Skipping just one TV show a week could make a world of difference in a child’s life; so could running to raise funds for Project Hope.

Project Hope is a program that matches youth ages 13-21 who are in foster care or other programs through Children and Youth Services with a positive, caring adult who will mentor them, Adams County Children and Youth Services Mentoring Specialist Tessa Adams.

A Mentor MOVEment 5K is planned to promote and support Project Hope.

The 5K, sponsored by Healthy Adams County with proceeds going to the program, is not just about money, but instead raising awareness for Project Hope, Adams said.

The 5K will be a “great family experience,” said Adams. Participants of all ages can walk, run and even bring their furry friends.

“If we can get one person to say, ‘I want to become a mentor’ and match them with a kid it will be a complete success,” Adams said.

The 5K will be held Saturday, July 20 at 8 a.m. at the Gettysburg Rec Park. Runners can register online at

Giving up a short amount of personal time, such as the length of a television show, once a week to act as a mentor to a young person could bring about terrific change, said Adams.

Mentors can coach the youth in daily living activities, be a listening ear, introduce them to new opportunities, empower them to make responsible decisions and spend time pursuing activities of shared interest, according to Adams.

Every child is referred to Adams, who said she spends time with the young person, getting to know them. After learning about the child’s interests, she begins her search for a mentor who will be the best match for the child.

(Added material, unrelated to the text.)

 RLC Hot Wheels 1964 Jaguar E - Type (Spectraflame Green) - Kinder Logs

“I intentionally recruit each mentor,” Adams said.

If a youth is interested in pursuing a career in criminal justice, Adams said she will find a member of the community who is willing to become a volunteer with the program.

After the volunteer is found, he or she goes through background checks and is trained before meeting the mentee.

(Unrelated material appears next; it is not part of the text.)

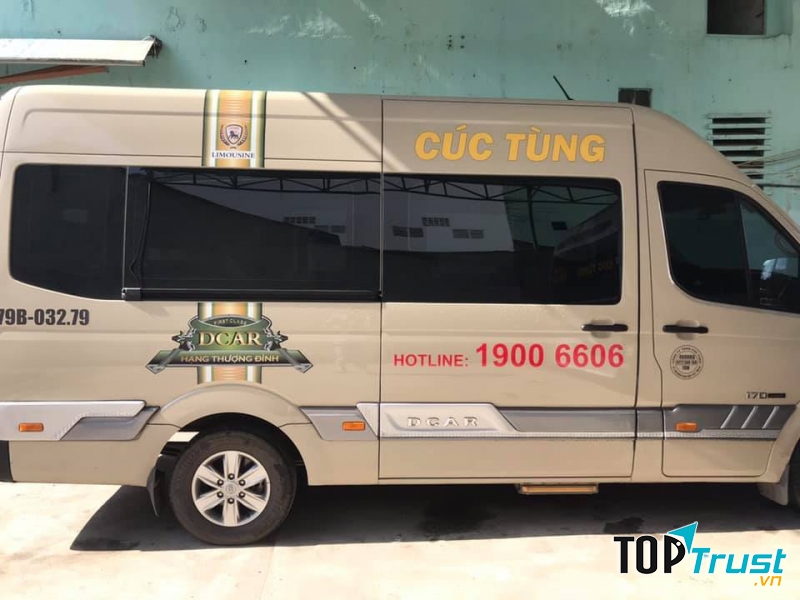 Cúc Tùng Limousine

“Mentors give kids consistency, something that they may not be getting elsewhere,” Adams said. “They are investing in local kids and changing their lives.”

A mentor must commit to the program for at least a year. Mentors are required to spend five hours a month with their mentee, which includes a monthly group activity hosted by Project Hope.

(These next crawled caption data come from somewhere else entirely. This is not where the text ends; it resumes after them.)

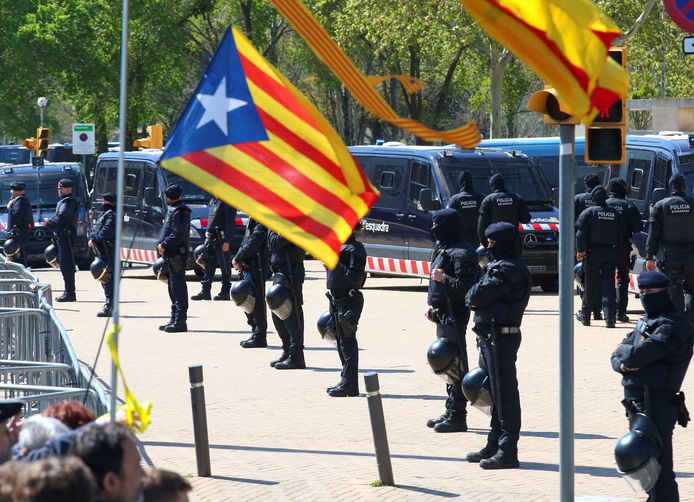 De politie was massaal aanwezig om eventueel protest van Catalaanse betogers in te hand te houden.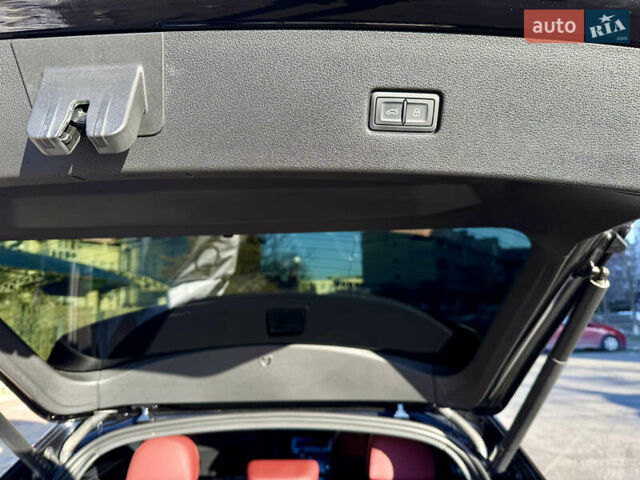 Черный Ауди SQ8, объемом двигателя 4 л и пробегом 95 тыс. км за 72500 $, фото 53 на Automoto.ua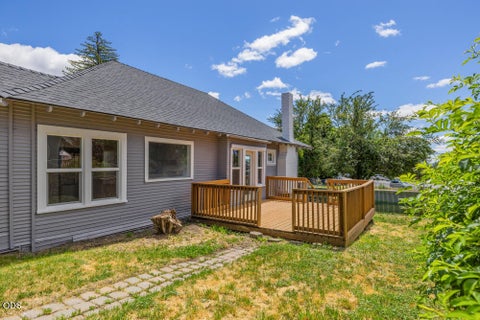 Tiny photo for 1132 Crescent Avenue, Klamath Falls, OR 97601 (MLS # 220223117)
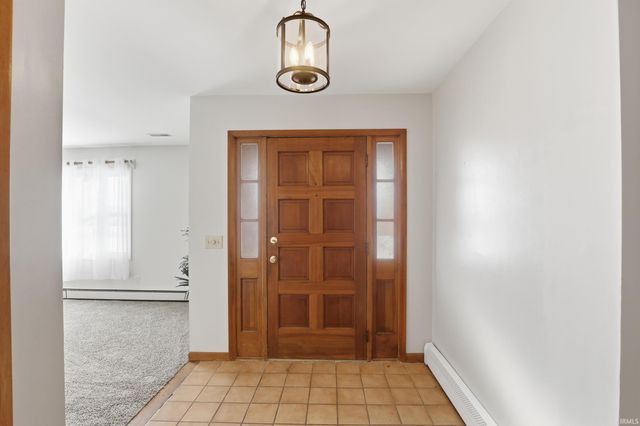 4615 Fairlawn Pass, Fort Wayne, IN 46815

“Most mentor-mentee relationships meet weekly based on the schedules of the individuals,” Adams said. “The time commitment is one less Netflix episode per week, and in that time, you can make an investment in a child’s life which will benefit the community.”

In the beginning of 2018, the program only had four mentors, but grew to 10 by the end of the year.

Now halfway through 2019, the program has 19 mentors, some of which were recruited by their peers.